I read your Salary Survey in last week&'s ­issue of The Grocer with great interest (May 20, p32).
Based on personal experience, I have found the recruitment industry for sales positions to be systematic and blinkered in its approach.
The most disgusting way this manifests itself is in the form of ageism.
I can identify at least 20 sales professionals, with whom I have worked in my 20 years of selling, who are exceptional in carrying out their job role, but have experienced this ridiculous prejudice.
I bet that if you asked recruitment consultants how many of the people on their books aged over 35 were unemployed, it would be a disproportionate amount.
I am not against the employment of younger people.
But please let us dispense with this crazy idea that an older person is unable to work as hard as someone younger. The person under the age of 35 years is not the only one with brains, ideas, knowledge, personality and character.
Businesses that view young minds as the only ones able to maintain business growth are driving business plans based on short-term goals and not medium to long-term development.
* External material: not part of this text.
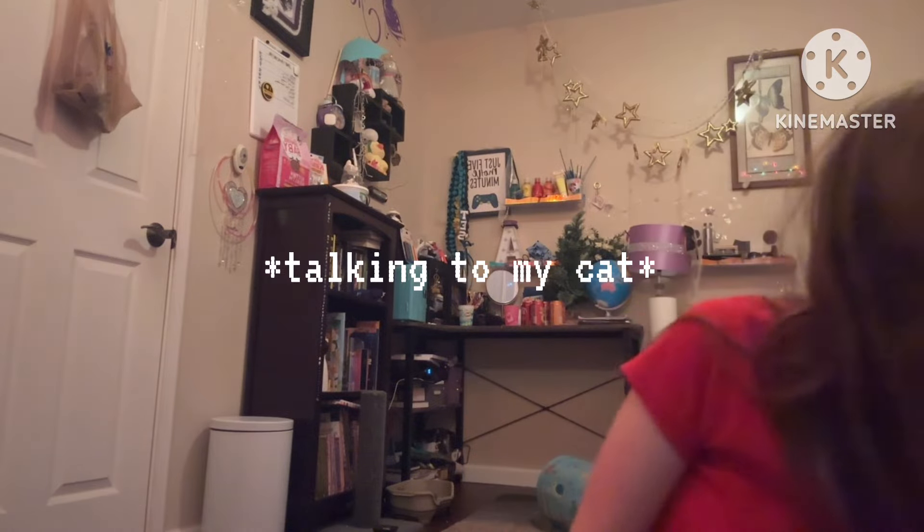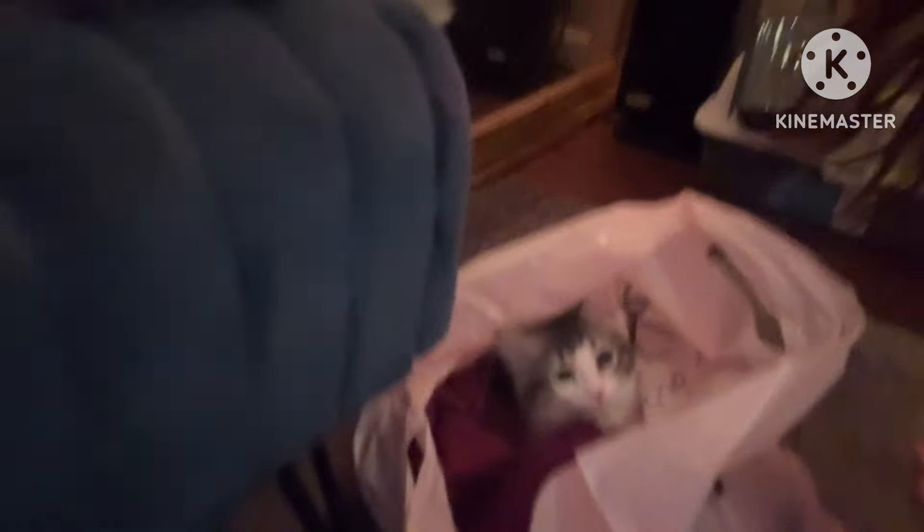My cat Charlie somehow got into the American Eagle bag. As they say — give a cat a toy, they're entertained for a week; give a cat a box, they're entertained for life. She's just sitting in there vibing, so adorable.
The most positive quality possessed by the mature and elder statesman in sales is the one that people often seem to see as a negative, rather than a positive: experience.
High fliers are just as likely to be mature salesman as they are young. How often do you see the experienced salesman left to mop up after unrealistic promises made by a young salesman eager to impress have not been met?
Such eagerness is a wonderful asset to have, but can be costly to a business when not managed or controlled properly.
Please, let us get to a stage in business where age is not a prerequisite to defining a job. And let us remember that experience matters and should be seen by businesses as a valuable asset.